#### Exercise aim:
Leave out every picture, then transcribe the rest of the listing exactly.

____ Supplied data

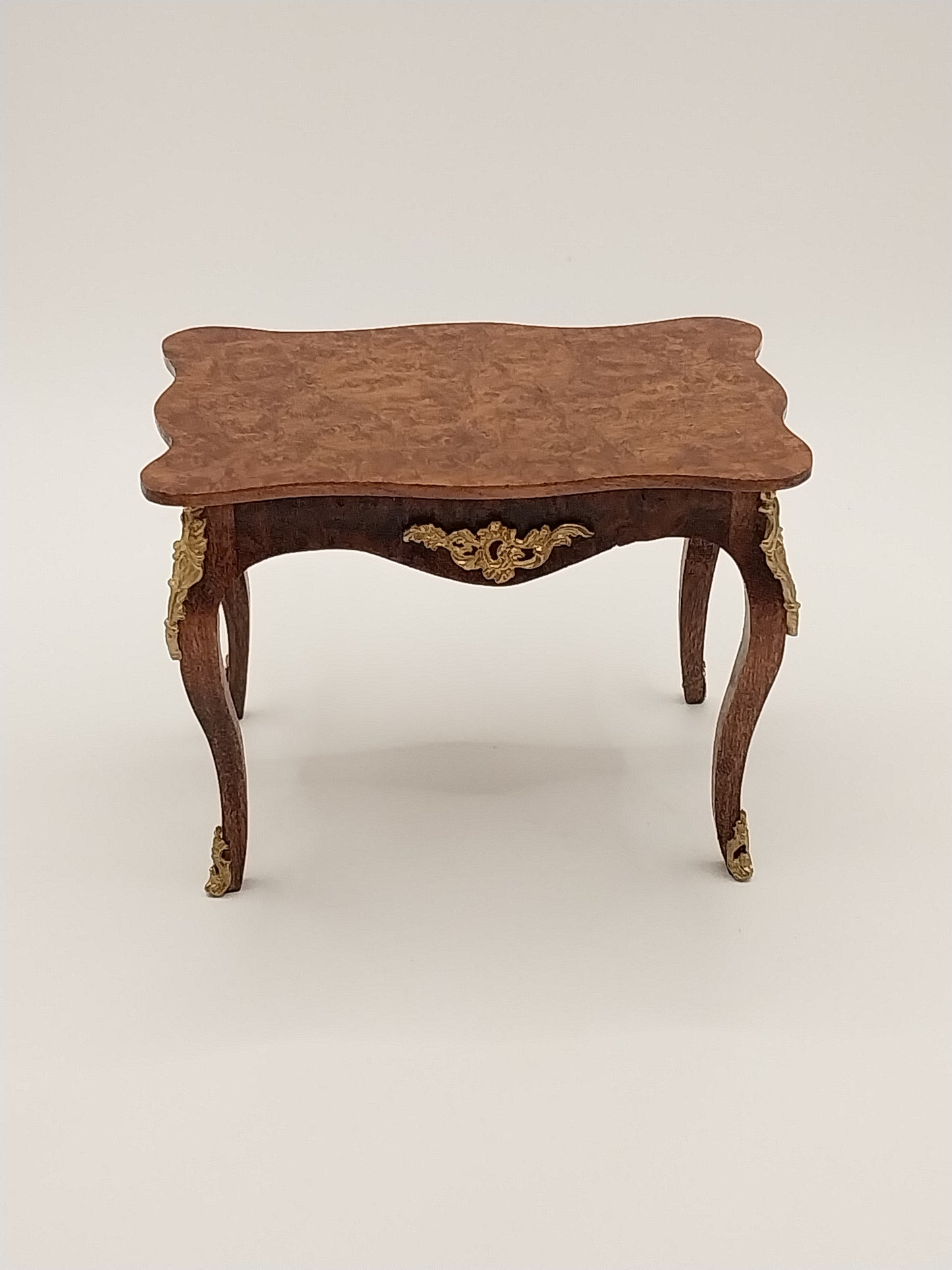 French Sofa Table, Burl Wood With Gold Accents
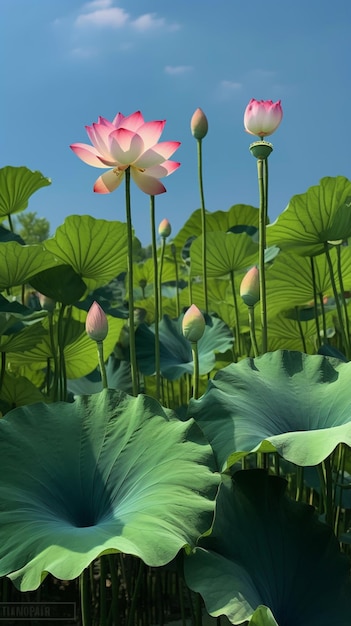 lotusbloemen bloeien in een veld van groene bladeren generatieve ai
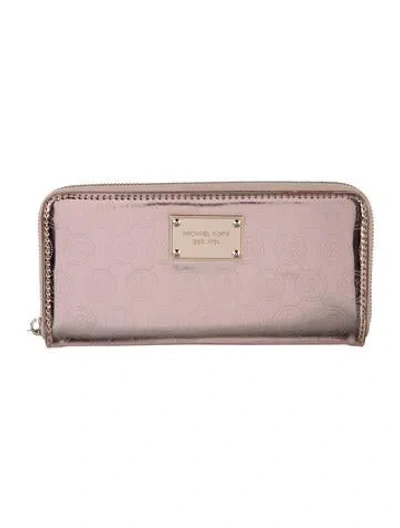 Pre-owned Michael Kors Leather Graphic Print Continental Wallet In Metallic/pink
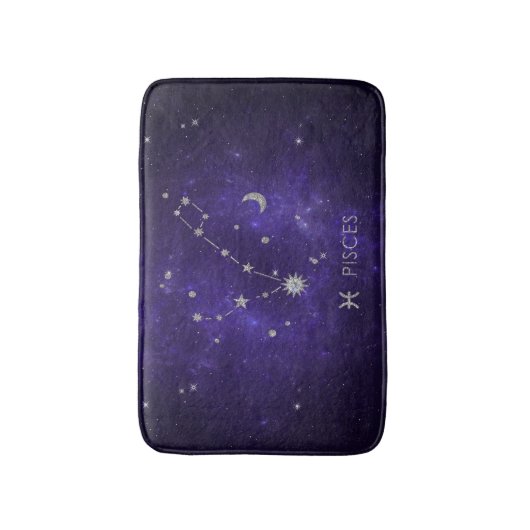 Lila Zodiakiefieber | Kosmisches Astrologie Horosk Badematte (Vorderseite Vertikal)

________

#### Exercise output:
 French Sofa Table, Burl Wood With Gold Accents
 lotusbloemen bloeien in een veld van groene bladeren generatieve ai
 Pre-owned Michael Kors Leather Graphic Print Continental Wallet In Metallic/pink
 Lila Zodiakiefieber | Kosmisches Astrologie Horosk Badematte (Vorderseite Vertikal)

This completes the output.